What’s actually launching

Perpetual futures are contracts that let you bet on an asset’s price with leverage and no expiration date. You can go long or short on DRAM and SOXL with borrowed money, and you never have to roll your position into a new contract like you would with traditional futures.

Coinbase has been offering this type of product for major US stocks since March 20, 2026, available to eligible users who are predominantly located outside the United States. The leverage on these perpetual futures can range from 10x to 20x, though the specific caps, margin requirements, and eligibility details for the DRAM and SOXL contracts haven’t been finalized publicly yet.

The key selling point is 24/7 access. Traditional ETF markets close at 4 p.m. Eastern and take weekends off. Neither product involves any crypto token. These are futures contracts priced against traditional ETFs, just hosted on crypto infrastructure.

Why these two ETFs

DRAM debuted on April 2, 2026, focusing specifically on memory chip manufacturers. The fund attracted approximately $24.82 billion in assets under management shortly after launch.
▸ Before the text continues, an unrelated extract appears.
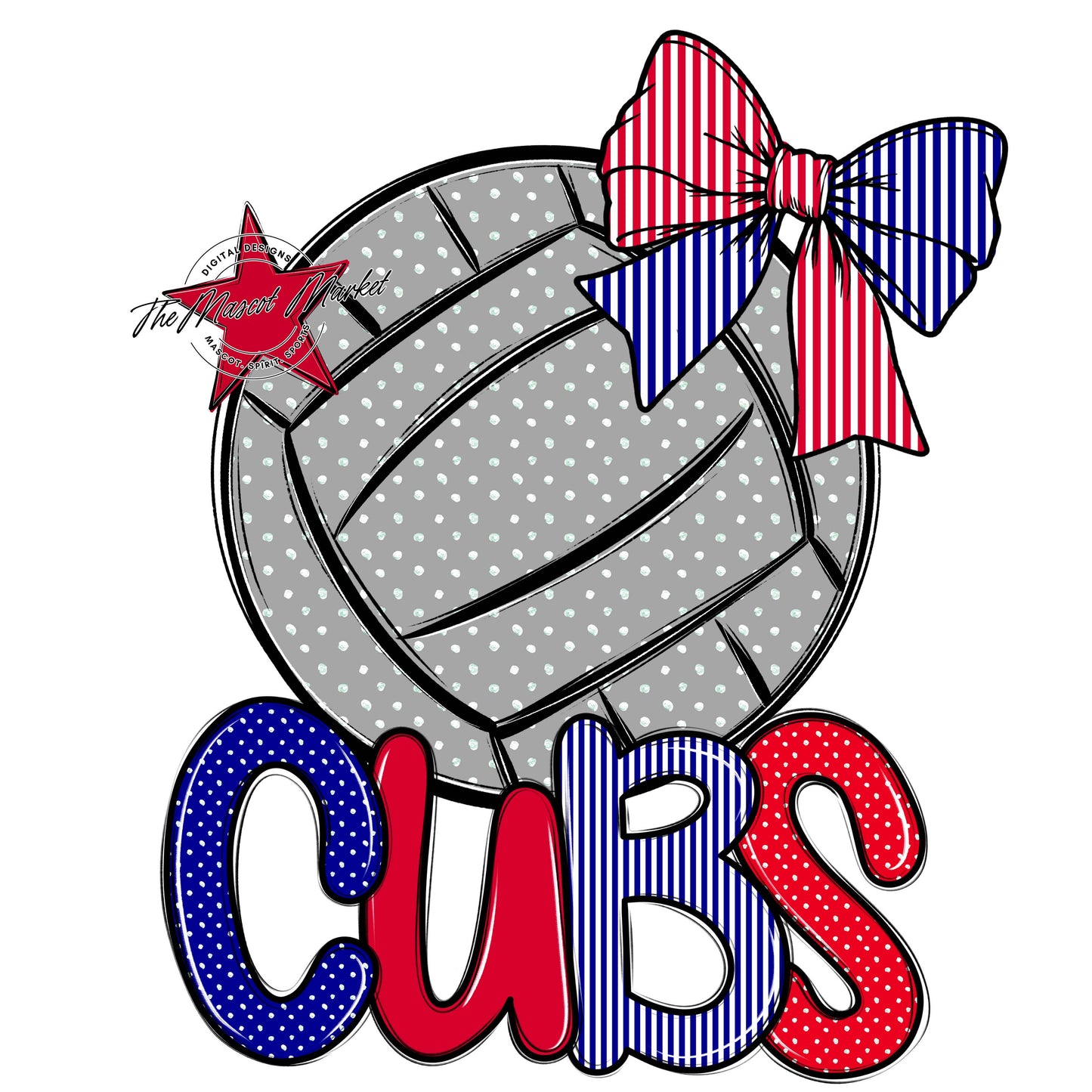 Cubs Volleyball Spirit Design-Blue & Red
SOXL is a leveraged ETF that provides three times the daily performance of the PHLX Semiconductor Sector Index. Wrapping it in a perpetual futures contract with additional leverage means a 3x leveraged ETF traded at 10-20x leverage could produce outsized gains or devastating losses from a relatively small move in semiconductor stocks.

What this means for investors

Leveraged perpetual futures are among the riskiest instruments available to retail traders. SOXL already amplifies daily moves by 3x. Layering additional leverage on top of that creates a product where a 5% move in the underlying index could translate to a 15% move in the ETF, which could then translate to a 150-300% move in a futures position depending on leverage.